From the line with "KangaROOS Hoodie Colourblocking" to the final line of the data below, please write out every line exactly, with no pictures.
::: GIVEN DATA :::
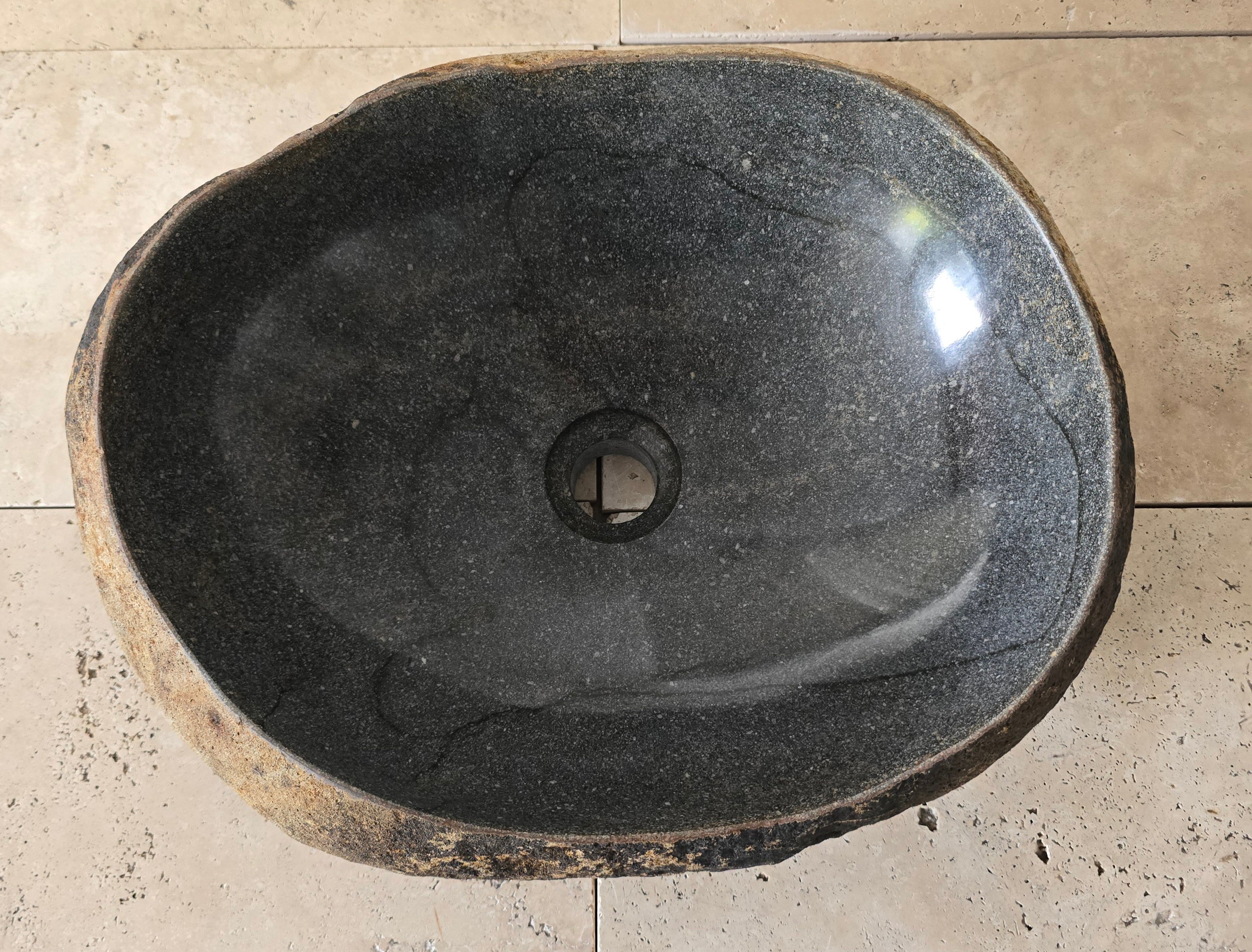 Handmade Natural Oval River Stone  Bathroom Basin  RVM 2409018
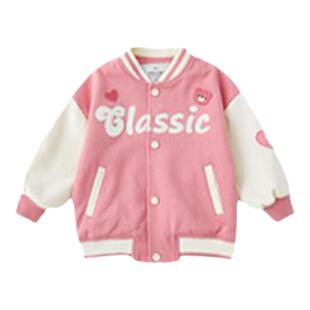 幼悠 女童秋冬嘻哈风外套可爱卡通撞色T宝宝宽松卫裤时尚衬衫套装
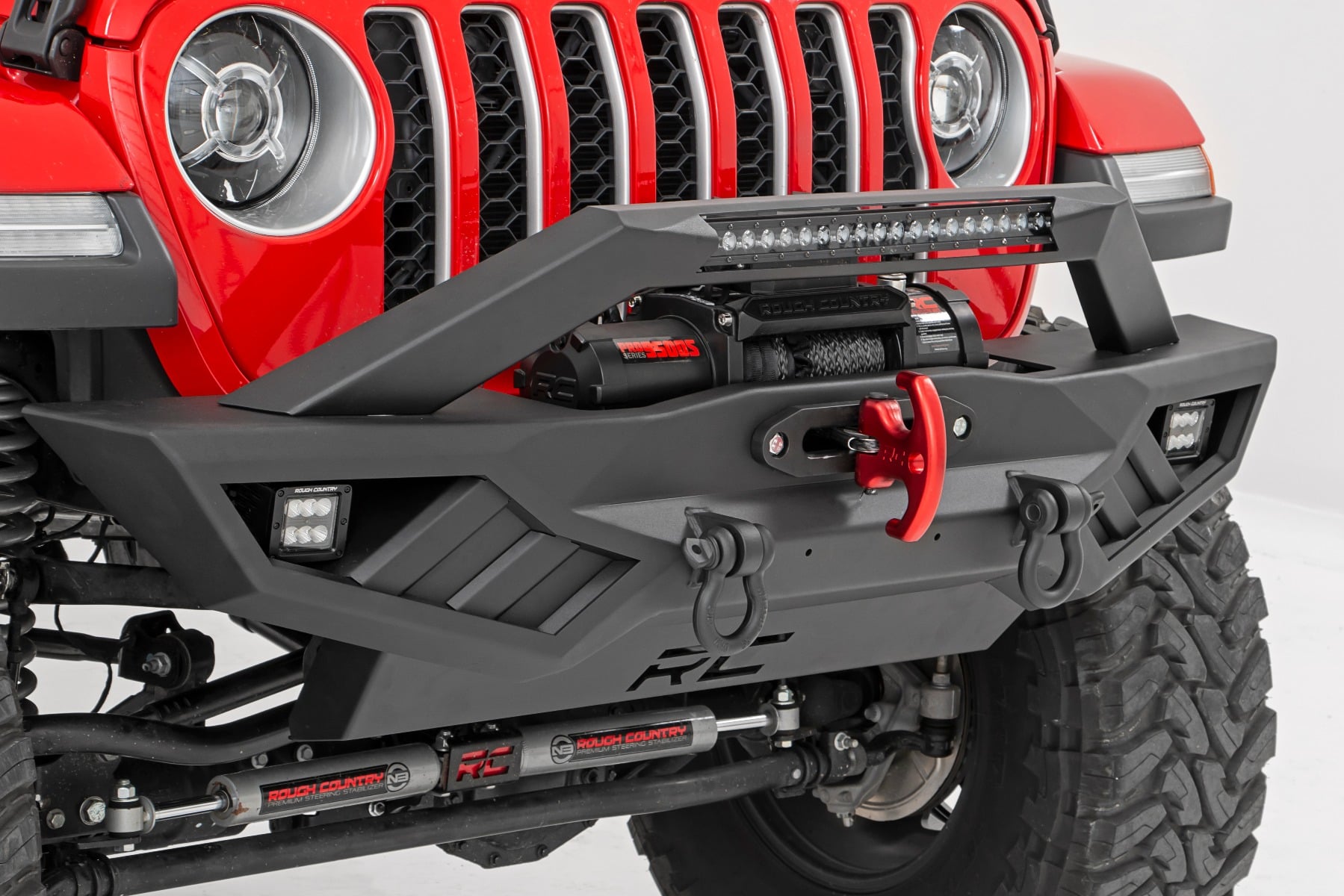 Multi-Function Winch Cleat, Anodized Red 6061 Aluminum, Rough Country RS175R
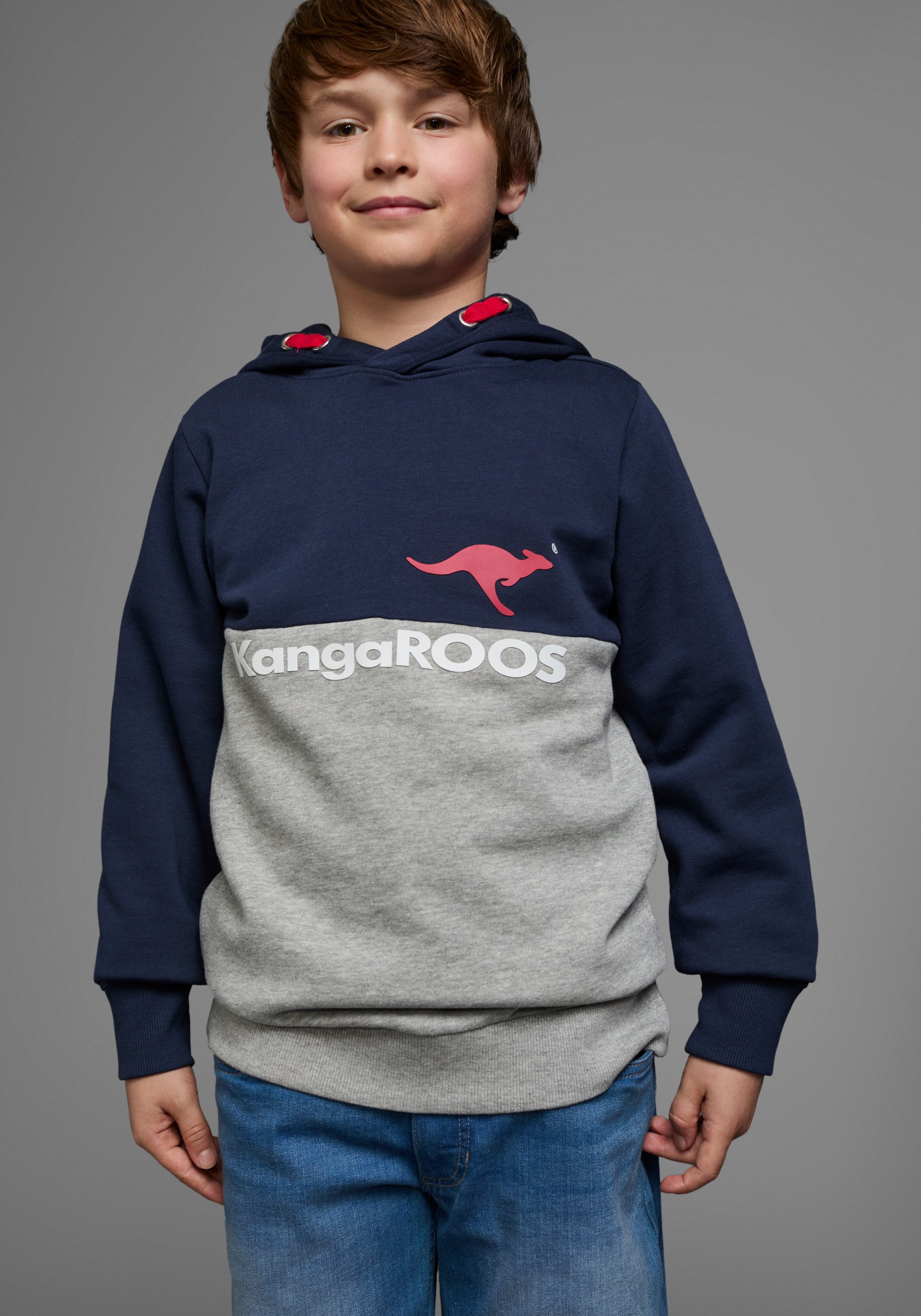KangaROOS Hoodie Colourblocking Lange mouwen, meerkleurig, met logoprint, van katoen jongens sweatshirts maat 152/158 blauw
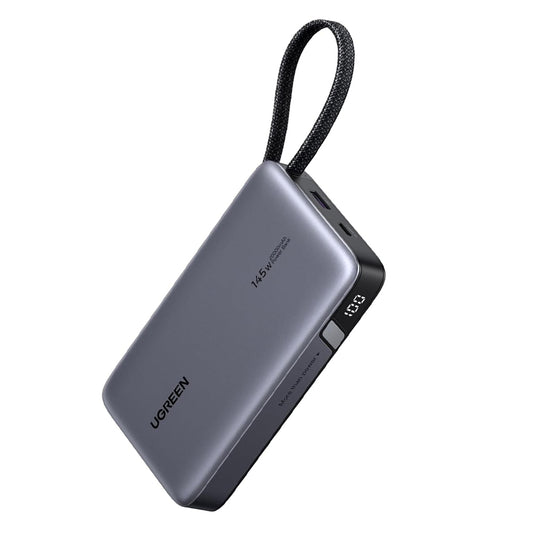 Externe Batterij UGREEN PB551 (55992), 20000mAh, 145W, QC + PD, 1 x USB-A - 2 x USB-C, Grijs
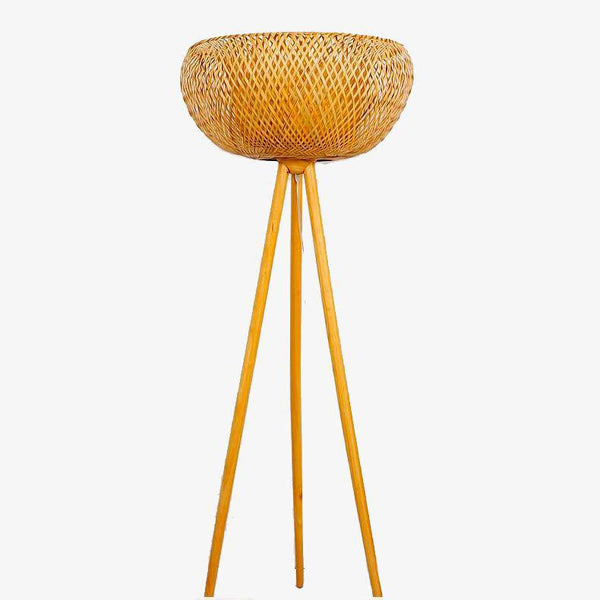 Classy Design Handmade Bamboo Lamps For Home Decor Floor Hotel And Restaurant Supplies Pure Bamboo Wood Lamp With Iron Stand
:::
> [ANSWER SPACE]
KangaROOS Hoodie Colourblocking Lange mouwen, meerkleurig, met logoprint, van katoen jongens sweatshirts maat 152/158 blauw
 Externe Batterij UGREEN PB551 (55992), 20000mAh, 145W, QC + PD, 1 x USB-A - 2 x USB-C, Grijs
 Classy Design Handmade Bamboo Lamps For Home Decor Floor Hotel And Restaurant Supplies Pure Bamboo Wood Lamp With Iron Stand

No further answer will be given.